Une civilisation admirable, une poésie, une architecture et une délicatesse uniques au monde ont été perdus». La civilité du ton, la délicatesse du style, la poésie des mots et l’architecture, toute en nuances, du récit font de l’œuvre de Haddad celle du sentiment et de la sensibilité. Et c’est à travers le sentiment et la sensibilité, parfois même de la gravité et de la mélancolie, que sont traités les thèmes abordés par ses livres, y compris celui, récurrent, de la guerre et de ce qu’il est convenu d’appeler l’autre. 

Une œuvre où l’altérité est omniprésente et où les personnages sont, le plus souvent, déchirés entre deux pôles. Malek Haddad est véritablement l’écrivain du questionnement personnel et de la confrontation aux choix. Des choix douloureux, mais qui ne sauraient être que conjoncturels aux yeux de l’auteur qui préjuge constamment de la fraternité des hommes, des peuples et des cultures, y compris entre la France et l’Algérie que l’un des personnages emblématiques de son œuvre, Khaled Ben Tobal, juge pouvoir devenir sœurs. Quant à l’algérianité, il est frappant et on ne l’aura pas assez souligné que Malek Haddad fut celui qui aura traduit celle-ci en dehors de toute considération constitutive.

 En effet, il écrira, toujours à propos de Khaled Ben Tobal, le personnage principal du «Quai aux fleurs ne répond plus» : «Il  était  algérien  parce  qu’il  se  savait  algérien.  Il  était  Algérien  parce  qu’il  était  Algérien». Il dépassera en cela tous les conflits qui, souvent et surtout aujourd’hui, perturbent les débats sur ce point. Profondément humaniste, il saura aussi insérer l’algérianité dans le concert des nations et des peuples, dans une universalité qui fonde l’identité partagée, poursuivant en cela la vision d’un prestigieux compatriote, en l’occurrence Sidi Adelkader El Djazairi. Et c’est là où vécu et mourut l’Emir, à Damas, que Malek confia son malaise linguistique, se désolant de ne pouvoir s’exprimer en arabe, lors d’une conférence en 1961, au point de faire écrire un poème de réconfort à son intention, par Souleiman El Issa : «J’écrirai de toi en arabe, j’écrirai pour toi Malek.»

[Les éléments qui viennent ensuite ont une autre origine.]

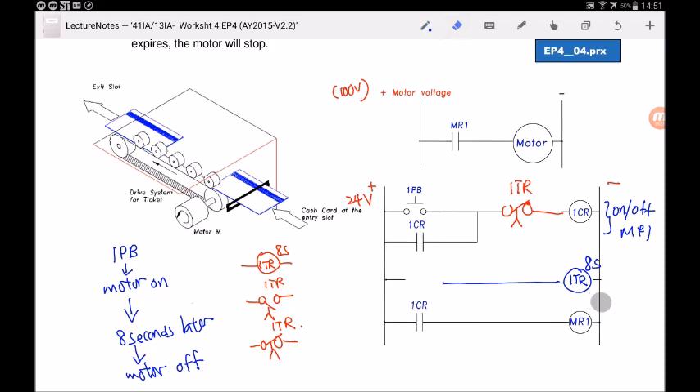An alternative method for starting the timer: instead of wiring through 1PB, draw 1CR contact to trigger the timer relay coil — because when 1PB is pressed, 1CR energizes and its contact closes, starting the timer. You cannot draw 1PB directly in series with the timer coil because the push button is only momentary — you are not going to hold your finger there forever.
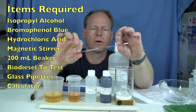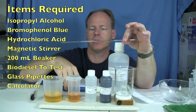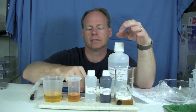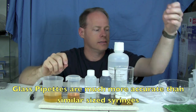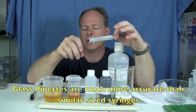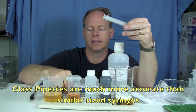This is a 0.01 milliliter marked pipette in glass and you use pipette pumps with it. I also have some bigger pipettes for measuring out biodiesel. They allow you to be much, much more accurate than using just a standard syringe. Syringes aren't anywhere near as accurate because these tubes are smaller and you're able to find the increments more easily.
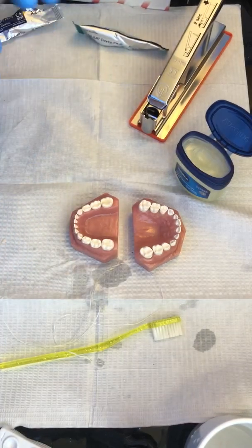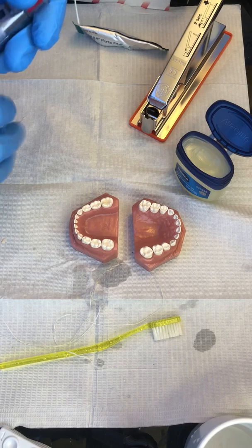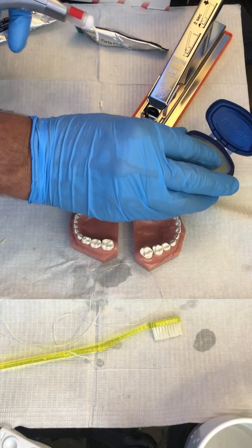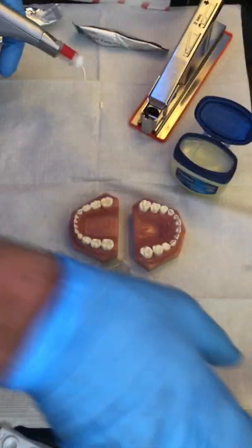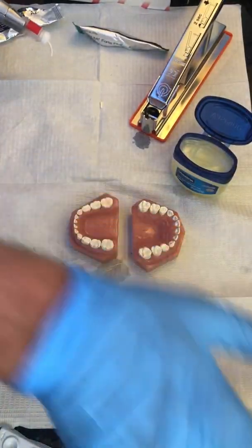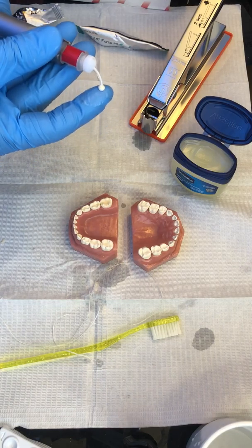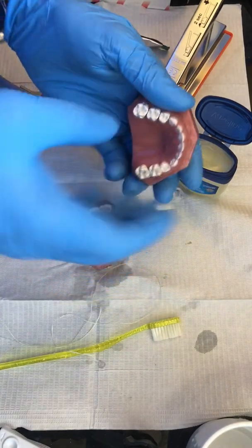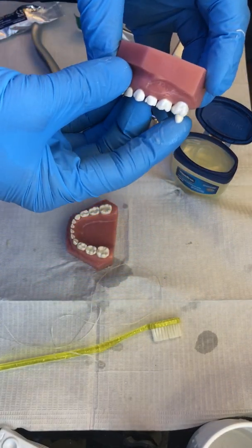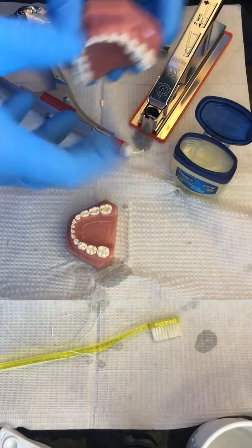Thankfully you can use the same gun to extrude all these materials. We like to have a little bit of Vaseline — not too much — on our fingertip, and of course the teeth should be moist. Since this kiddo doesn't really have saliva we need to help him out with that. For upper molars you just push on, push on, push on.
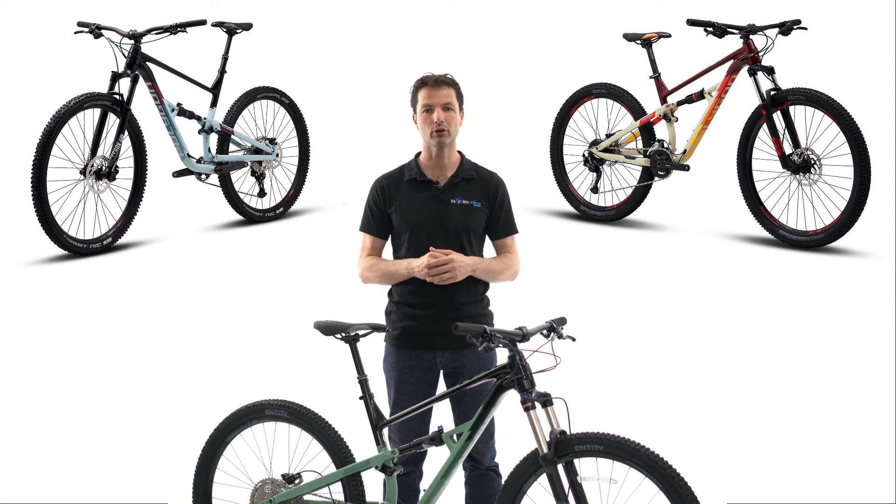If you are looking for a bike that can take on flowing backcountry singletrack, your local cross-country or trail-centre loop, and have some fun, check out the Polygon Siskiu D.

 Un «drame» linguistique qui semble surtout être porté par les malentendus et les manipulations autour de l’identité, occasionnant culpabilité, besoin de justification et incompréhension. Au-delà de cette problématique linguistique, sur laquelle viennent se greffer, en fait, d’autres problématiques de différents ordres, il reste à retenir l’essentiel : l’œuvre de Malek Haddad, y compris des inédits, dont deux romans, recensés dans certains travaux universitaires. Une œuvre qui nous interpelle par sa valeur tant historique-rappelons que «La Dernière impression» fut le premier roman directement consacré à la guerre d’Algérie pendant celle-ci, il fut d’ailleurs, à ce titre, interdit par arrêté officiel des autorités coloniales que littéraire et humaniste. 

Une œuvre qui nous apprend que les combats les plus justes se conjuguent à l’humanisme, sans haine, ni rancune, que les combats sont d’abord des causes et que l’humain en est toujours le centre, au delà des identités et de l’histoire. Une œuvre de poète, de romancier, de journaliste et  d’homme sincère et engagé, qui a su si bien parler des autres hommes, de l’Algérie et, puis … de Constantine.